> _DATA FOR PROCESSING_
---------------
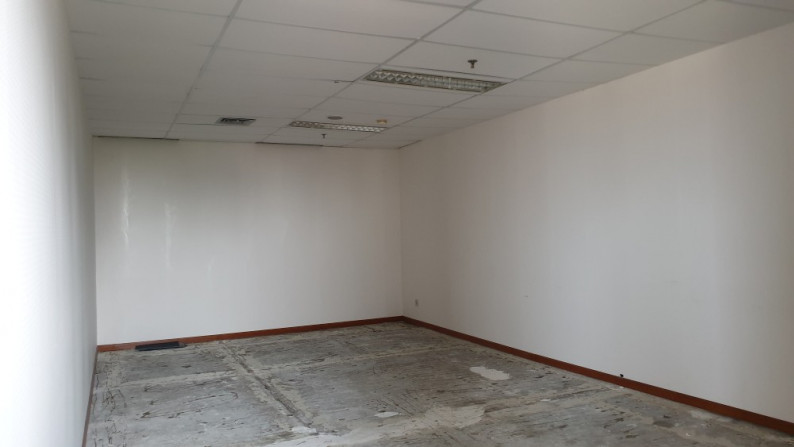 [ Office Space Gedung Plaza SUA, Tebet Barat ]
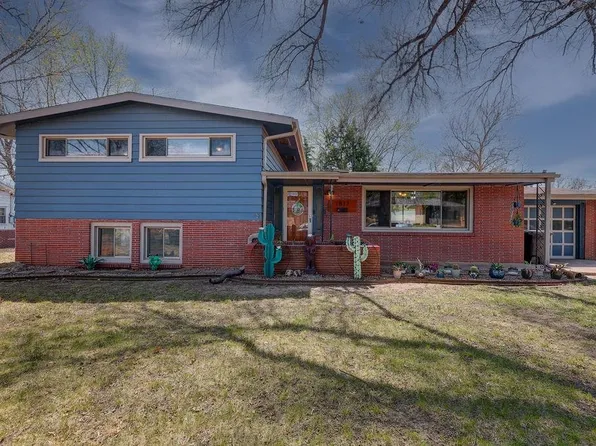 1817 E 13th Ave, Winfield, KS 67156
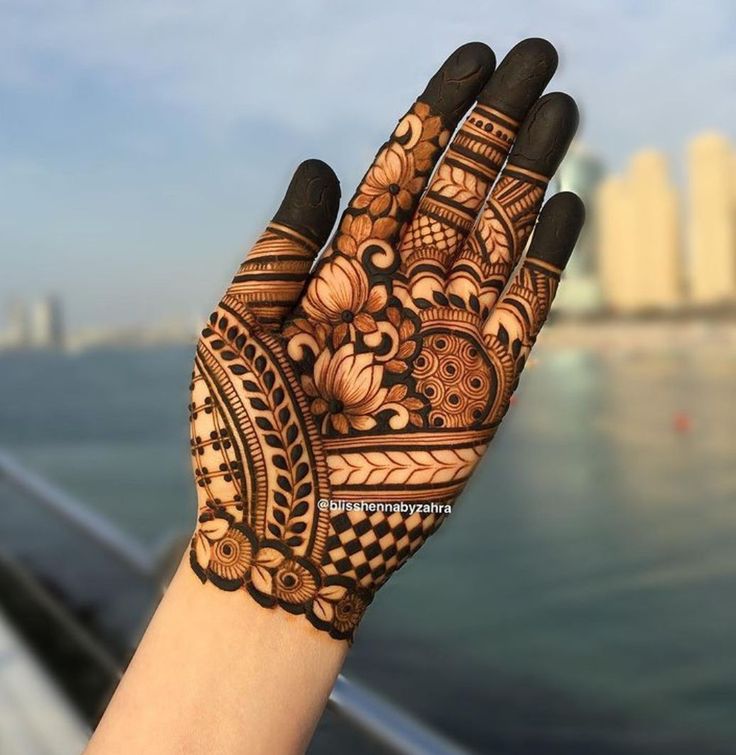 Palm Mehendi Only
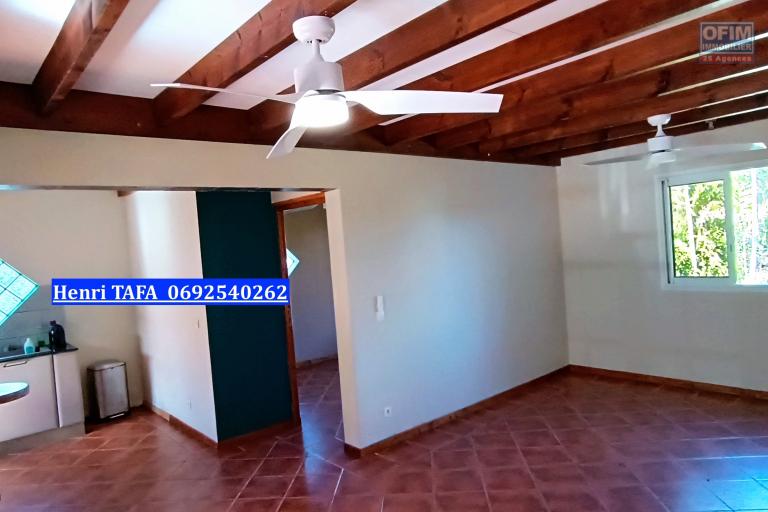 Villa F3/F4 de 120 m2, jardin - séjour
---------------
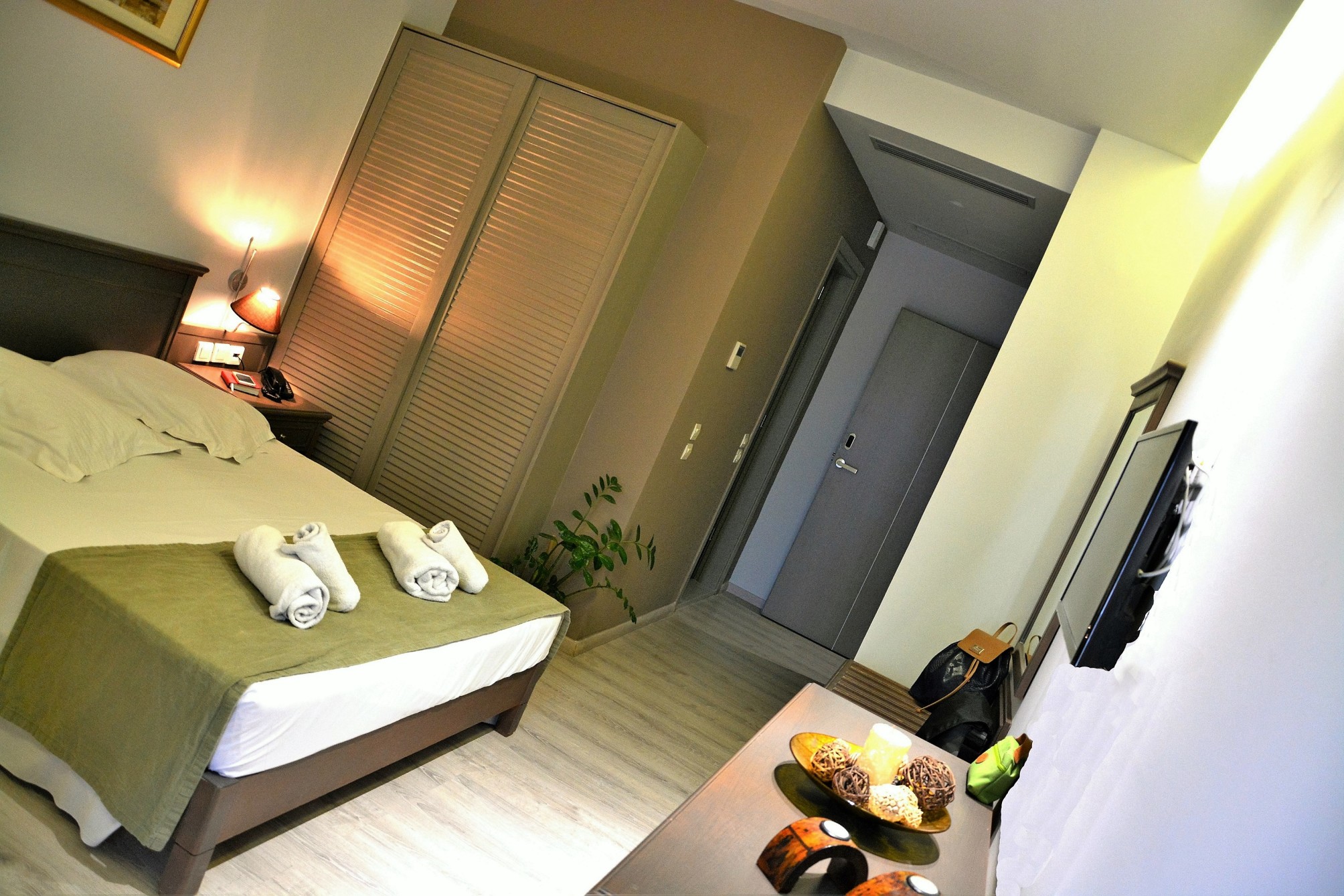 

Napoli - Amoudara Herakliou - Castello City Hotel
---------------
> _WHAT YOU HAVE TO DO_
Keep to the stretch from the line containing "Palm Mehendi Only" through the line containing "Villa F3/F4 de 120 m2, jardin - séjour", both ends included, and copy it exactly from the listing above, minus the pictures.

> _EXERCISE SOLUTION_
 Palm Mehendi Only
 Villa F3/F4 de 120 m2, jardin - séjour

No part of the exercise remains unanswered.